Médée bouc émissaire ?
Alain MOREAU,
in Pallas, 45/1996. Médée et la violence, pp. 99-110, 1996.
L’observatoire du bouc émissaire présente la figure de Médée comme bouc émissaire à travers un article de Alain MOREAU, de l’université Paul Valéry de Montpellier ; Médée, bouc émissaire, pharmakos ?
Nous pourrions proposer un titre alternatif : « Médée, entre bouc émissaire et pharmakos…. »

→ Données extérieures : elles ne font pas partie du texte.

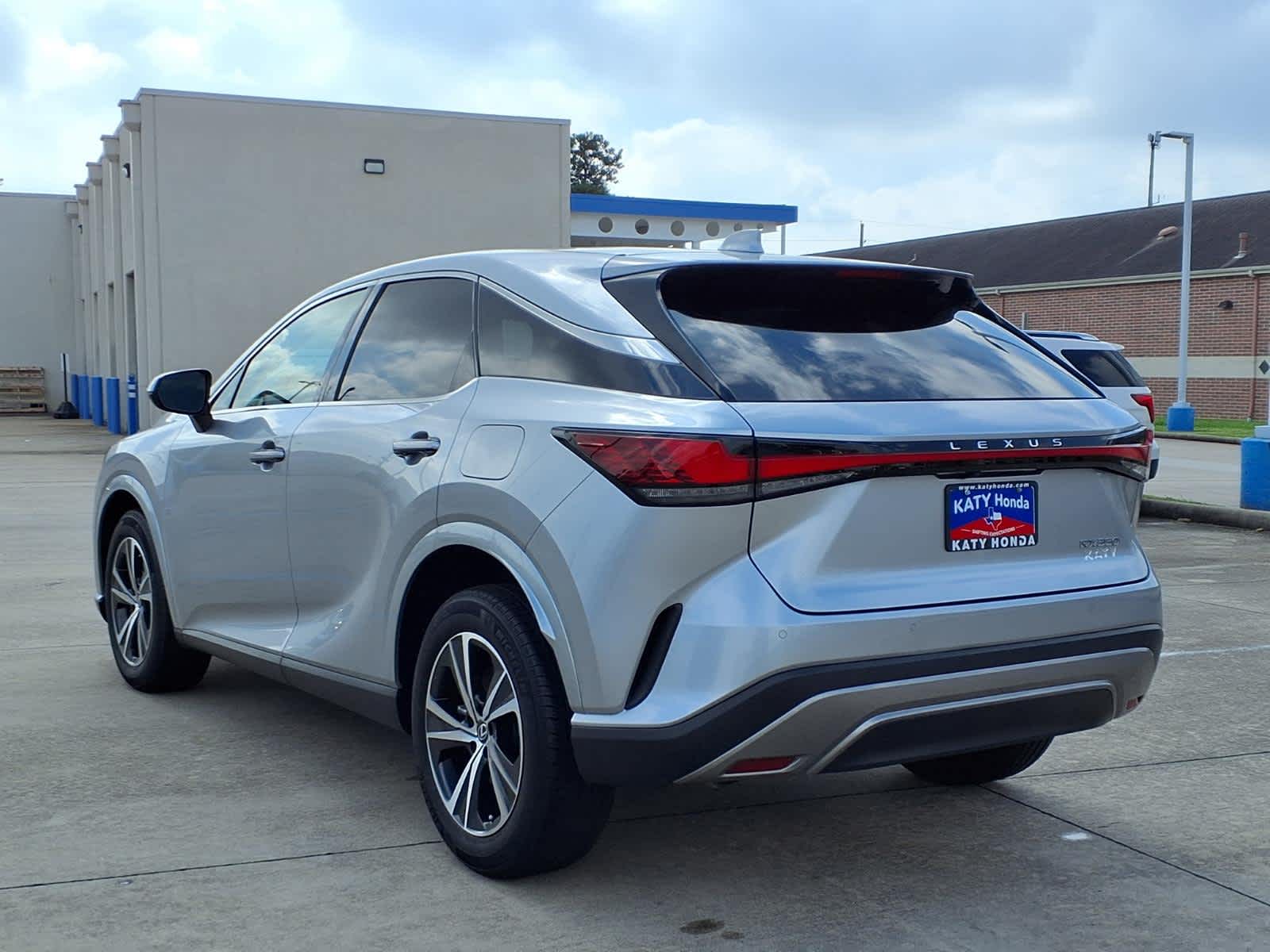 Thumbnail: 2025 Lexus RX - 4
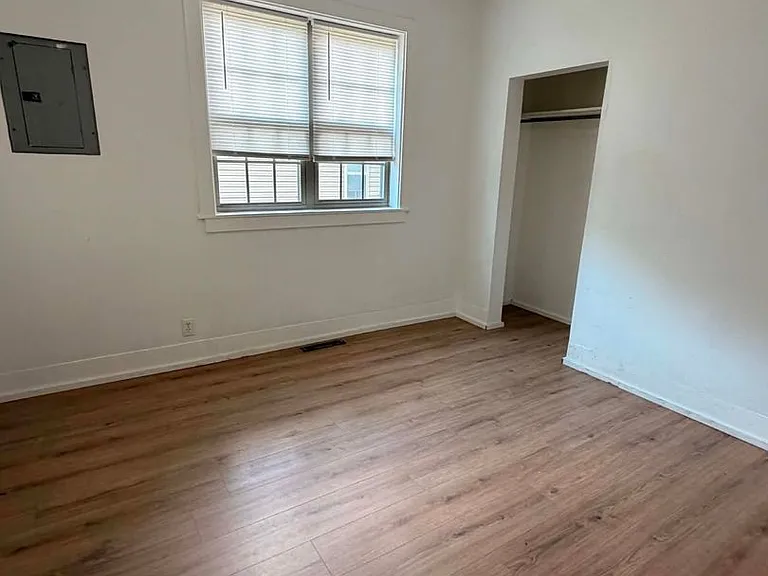 1008 W 2nd St — Photo 6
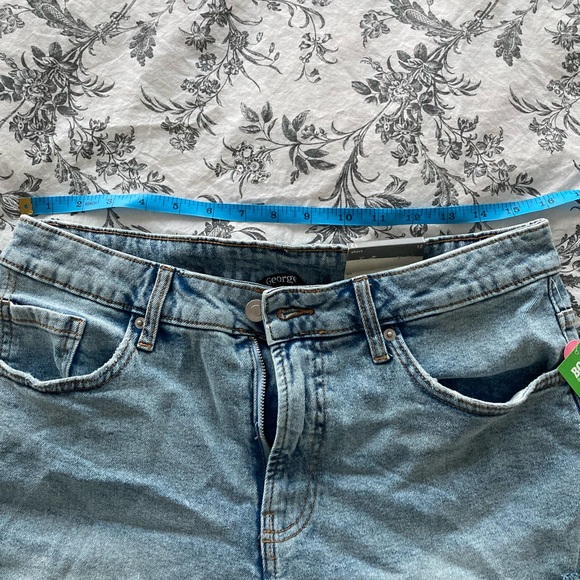 GEORGE high waisted light medium wash denim mom jean shorts ✨ 50% OFF BUNDLES ✨ - Picture 5 of 6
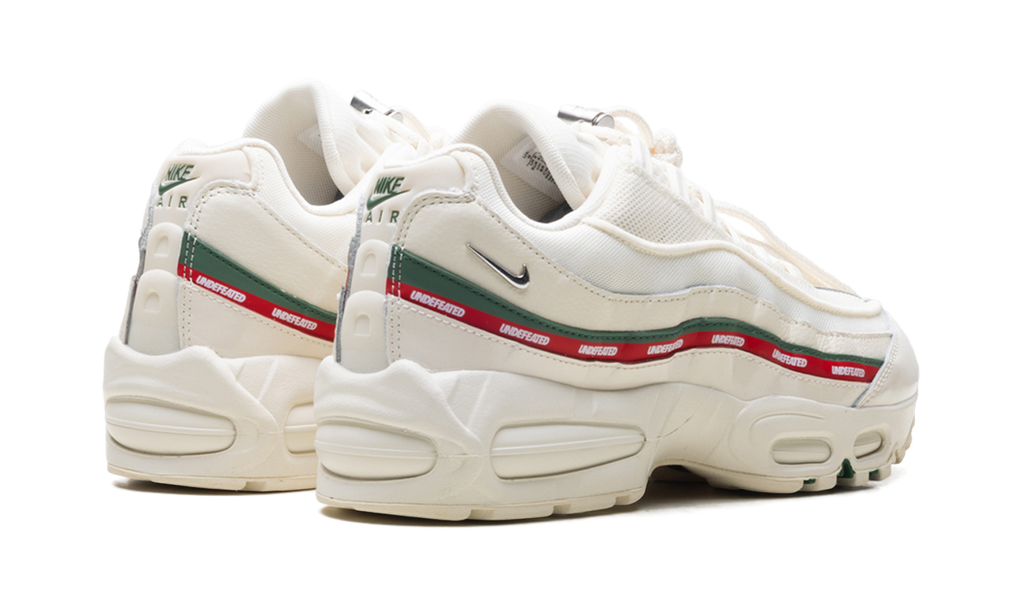 "UNDEFEATED - SAIL/ METALLICSILVER" AIR MAX 95 SP IB4453 100 - product image from the listing.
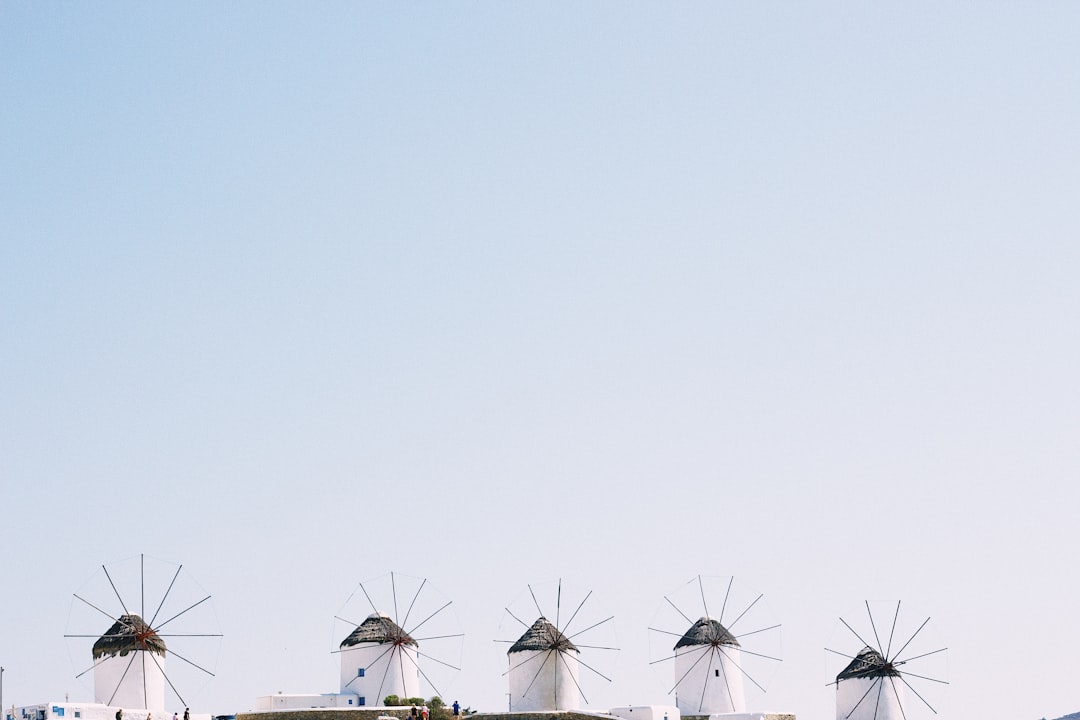 Read more about the article Mykonos Nightlife Guide 2026: Super Paradise, Scorpios, and Where Backpackers Actually Party Without Blowing Their Budget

Voici le résumé proposé par la revue Pallas : « Cette étude, qui s’appuie sur les travaux de Frazer et de René Girard, part de la figure d’œdipe, bouc émissaire paradigmatique, pour examiner l’image de Médée placée sous le regard des Grecs et pose deux questions : 1. Retrouve-t-on dans sa représentation une « typologie des stéréotypes de la persécution » ? 2. Y a-t-il, dans la tragédie d’Euripide, une différence entre les regards que posent sur elle l’homme grec et la femme grecque ? Si tel est est le cas, si la femme grecque manifeste à l’égard de Médée indulgence, compréhension, pitié, en un mot sympathie au sens étymologique du terme, n’est-ce pas en raison de la solidarité qui unit les femmes, toutes opprimées, toutes dépréciées, toutes susceptibles d’être transformées en boucs émissaires ? Et cela, les trois grands Tragiques du Ve siècle, au-delà de leurs differences (Eschyle et Sophocle ont des certitudes et une confiance dans la cité qu’Euripide n’a plus), étaient capables de le ressentir et de l’exprimer, au-delà même de la pensée consciente : qui est le plus grand, Agamemnon ou Clytemnestre ? Créon ou Antigone ? Jason ou Médée ? »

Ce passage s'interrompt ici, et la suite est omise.